Появление официанта с подносом, на котором громадилась, светящаяся изнутри шишка желтооранжевого ананаса, было встречено громкими восклицаниями, прищёлкиваниями языком и темпераментными ударами в ладоши. Придержав официанта за рукав, гололобый сказал короткую речь, поставил ещё один бокал и торжественно взял в руки стройную бутылку «Казбеги». В этот момент бутылка как-то неестественно скользнула у него из рук на пол, и с глухим стуком раскололась пополам — от горлышка к донышку, как перерубленная! По залу разлился аромат благородного напитка! Гололобый цокнул языком, махнул рукой, полез в боковой карман и бросил на стол фиолетовую бумажку, показывая жестом официанту, чтобы тот принес новую бутылку.
Как только откупорили новую бутылку, и гололобый был готов, наконец, разлить её содержимое по бокалам, она, как и первая, вдруг начала делать непонятные кульбиты, поливая собутыльников драгоценной влагой, что заставило гололобого проделать целый каскад жонглёрских трюков в попытке перехватить её за горло. В результате вторая бутылка тоже оказалась на полу. Смущённо скаля золотые челюсти, гололобый бросил на стол ещё одну фиолетовую купюру. С третьей бутылкой произошло то же самое, но когда она, ударившись о пол раскололась надвое, из неё выскочила громадная лягушка, вспрыгнула на стол, и нагло выпучив глаза, уселась среди истекающих соком ломтиков ананаса. Большая часть посетителей, отложив свои дела и столовые приборы, с интересом наблюдала за происходящим. Немая сцена, вызванная неожиданным появлением на столе амфибии, ещё более парализовала участников галантерейной трансакции, когда изо рта гололобого начал вылезать белый матовый резиновый пузырь, какой обычно надувают дети из жевательной резинки. Пузырь раздувался всё больше и больше, оставаясь совершенно матовым. На нём было написано: «Бережливость — черта коммунистическая». Глаза гололобого в испуге округлились, мохнатые брови поднялись, и, казалось, они вслед за пузырём начнут отделяться от голого черепа. Уши у гололобого росли и были похожи на чебуреки, обвисая и скручиваясь, как у ирландского сеттера… Когда пузырь своим диаметром стал вдвое больше черепа гололобого, он со звоном лопнул и к люстре, висевшей над столом, вспорхнула дюжина голубей…
— Бра-аво! — кричали и хлопали в ладоши охмелевшие гости.

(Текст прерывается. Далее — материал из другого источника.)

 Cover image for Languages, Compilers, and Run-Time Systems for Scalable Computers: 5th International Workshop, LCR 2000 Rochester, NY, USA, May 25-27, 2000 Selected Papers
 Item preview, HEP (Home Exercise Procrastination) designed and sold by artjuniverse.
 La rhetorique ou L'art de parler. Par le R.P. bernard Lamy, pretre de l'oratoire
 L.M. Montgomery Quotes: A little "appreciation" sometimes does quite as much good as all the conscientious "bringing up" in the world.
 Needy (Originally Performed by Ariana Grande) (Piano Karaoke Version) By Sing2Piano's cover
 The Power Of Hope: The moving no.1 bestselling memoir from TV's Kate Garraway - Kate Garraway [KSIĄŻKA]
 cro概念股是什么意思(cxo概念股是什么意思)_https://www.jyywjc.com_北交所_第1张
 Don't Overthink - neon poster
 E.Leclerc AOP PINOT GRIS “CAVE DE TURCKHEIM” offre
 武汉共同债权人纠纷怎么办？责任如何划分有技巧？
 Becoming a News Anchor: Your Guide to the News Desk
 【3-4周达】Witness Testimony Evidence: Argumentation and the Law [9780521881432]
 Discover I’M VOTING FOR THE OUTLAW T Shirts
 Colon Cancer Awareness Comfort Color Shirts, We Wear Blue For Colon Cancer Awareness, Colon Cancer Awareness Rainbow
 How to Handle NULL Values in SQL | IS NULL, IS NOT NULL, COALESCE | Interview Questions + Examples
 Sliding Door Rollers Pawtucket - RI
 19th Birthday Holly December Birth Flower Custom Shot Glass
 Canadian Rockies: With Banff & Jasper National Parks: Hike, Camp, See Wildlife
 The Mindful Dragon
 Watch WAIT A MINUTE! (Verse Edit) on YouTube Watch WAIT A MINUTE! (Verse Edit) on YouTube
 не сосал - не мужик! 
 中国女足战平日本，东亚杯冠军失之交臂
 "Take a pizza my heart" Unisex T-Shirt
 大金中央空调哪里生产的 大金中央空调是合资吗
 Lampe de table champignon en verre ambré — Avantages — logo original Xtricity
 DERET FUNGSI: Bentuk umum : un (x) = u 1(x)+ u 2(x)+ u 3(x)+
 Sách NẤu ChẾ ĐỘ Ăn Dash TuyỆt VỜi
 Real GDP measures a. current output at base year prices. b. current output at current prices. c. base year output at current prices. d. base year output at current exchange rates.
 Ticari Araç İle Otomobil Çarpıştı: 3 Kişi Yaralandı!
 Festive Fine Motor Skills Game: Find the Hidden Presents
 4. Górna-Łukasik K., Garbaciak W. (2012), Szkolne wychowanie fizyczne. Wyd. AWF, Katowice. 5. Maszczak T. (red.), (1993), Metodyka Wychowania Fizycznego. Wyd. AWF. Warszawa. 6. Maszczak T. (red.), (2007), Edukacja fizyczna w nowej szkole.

Голуби же, усевшись на люстре, тряхнули пёрышками и на стол посыпались золотые пятёрки царской чеканки…
После короткой схватки, в результате которой остатки пиршества оказались под столом, а золото в карманах галантерейщиков, гололобый дурно завыл, обнаружив, что во рту у него кроме голых дёсен нет ничего…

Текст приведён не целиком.